On Fri, Mar 12, 2021 at 11:03 AM Song Liu <songliubraving@fb.com> wrote:
>
> perf uses performance monitoring counters (PMCs) to monitor system
> performance. The PMCs are limited hardware resources. For example,
> Intel CPUs have 3x fixed PMCs and 4x programmable PMCs per cpu.
>
> Modern data center systems use these PMCs in many different ways:
> system level monitoring, (maybe nested) container level monitoring, per
> process monitoring, profiling (in sample mode), etc. In some cases,
> there are more active perf_events than available hardware PMCs. To allow
> all perf_events to have a chance to run, it is necessary to do expensive
> time multiplexing of events.
>
> On the other hand, many monitoring tools count the common metrics (cycles,
> instructions). It is a waste to have multiple tools create multiple
> perf_events of "cycles" and occupy multiple PMCs.
>
> bperf tries to reduce such wastes by allowing multiple perf_events of
> "cycles" or "instructions" (at different scopes) to share PMUs. Instead
> of having each perf-stat session to read its own perf_events, bperf uses
> BPF programs to read the perf_events and aggregate readings to BPF maps.
> Then, the perf-stat session(s) reads the values from these BPF maps.
>
> Please refer to the comment before the definition of bperf_ops for the
> description of bperf architecture.

Interesting!  Actually I thought about something similar before,
but my BPF knowledge is outdated.  So I need to catch up but
failed to have some time for it so far. ;-)

>
> bperf is off by default. To enable it, pass --use-bpf option to perf-stat.
> bperf uses a BPF hashmap to share information about BPF programs and maps
> used by bperf. This map is pinned to bpffs. The default address is
> /sys/fs/bpf/bperf_attr_map.
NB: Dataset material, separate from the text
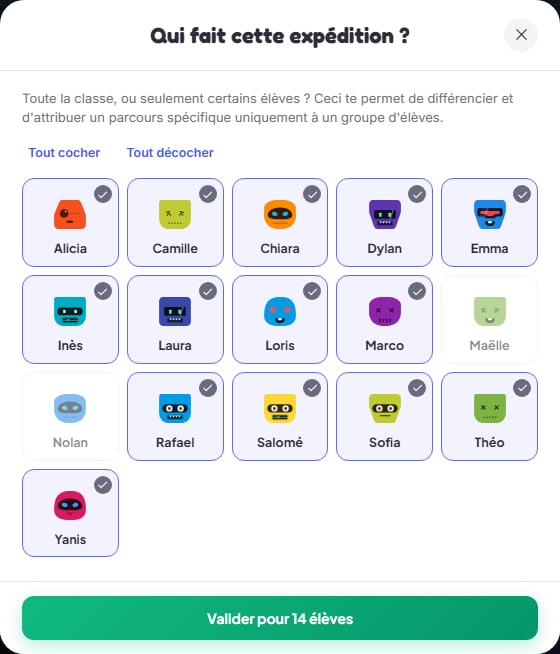 Le modal « Qui fait cette expédition ? » : « Toute la classe, ou seulement certains élèves ? Ceci te permet de différencier et d'attribuer un parcours spécifique uniquement à un groupe d'élèves. », une grille de seize Kwiix avec leur prénom, deux décochés, et le bouton vert « Valider pour 14 élèves »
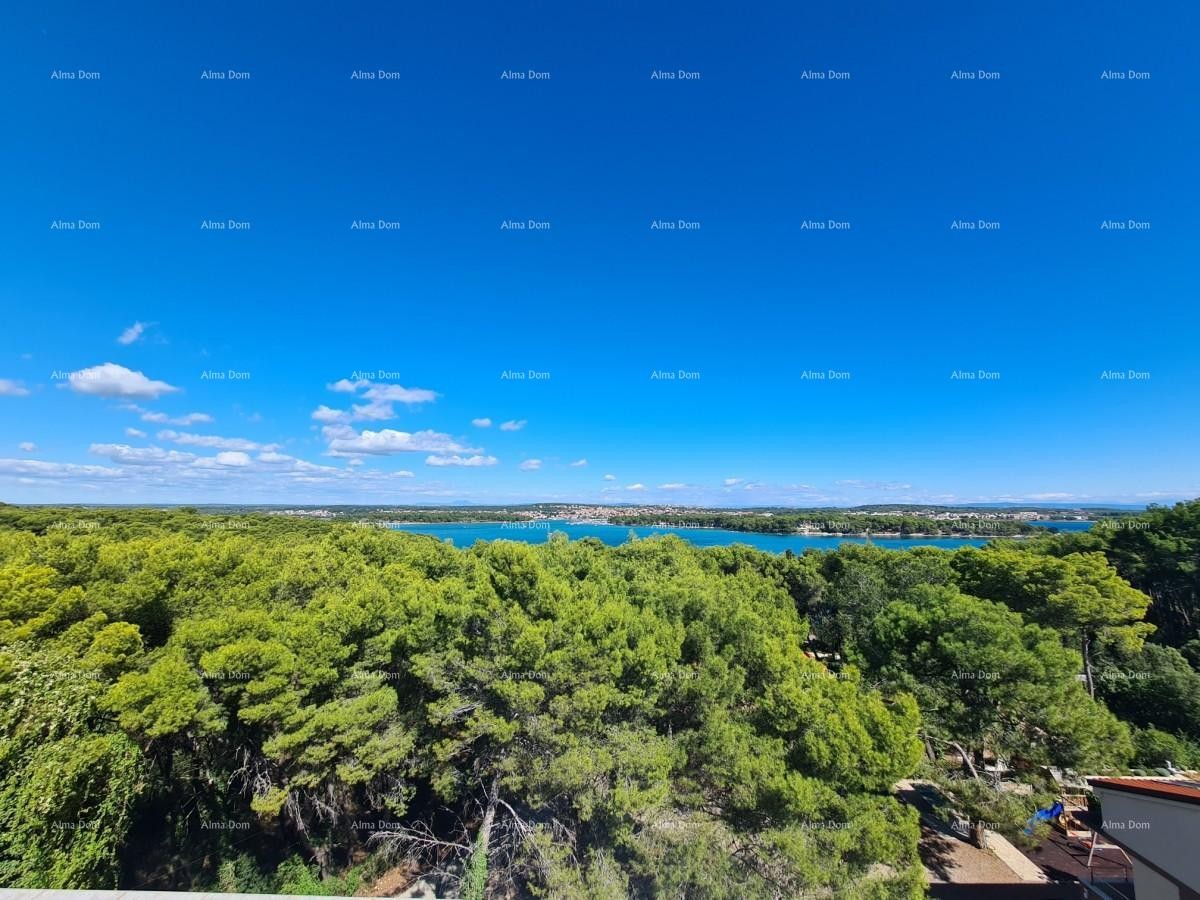 Trinadstropno stanovanje s strešno teraso! 100 metrov do morja. 41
The user could change the address with option
> --attr-map.
>
> ---
> Known limitations:
> 1. Do not support per cgroup events;
> 2. Do not support monitoring of BPF program (perf-stat -b);
> 3. Do not support event groups.

In my case, per cgroup event counting is very important.
And I'd like to do that with lots of cpus and cgroups.
So I'm working on an in-kernel solution (without BPF),
I hope to share it soon.

And for event groups, it seems the current implementation
cannot handle more than one event (not even in a group).
That could be a serious limitation..

>
> The following commands have been tested:
>
>    perf stat --use-bpf -e cycles -a
>    perf stat --use-bpf -e cycles -C 1,3,4
>    perf stat --use-bpf -e cycles -p 123
>    perf stat --use-bpf -e cycles -t 100,101

Hmm... so it loads both leader and follower programs if needed, right?
Does it support multiple followers with different targets at the same time?

Thanks,
Namhyung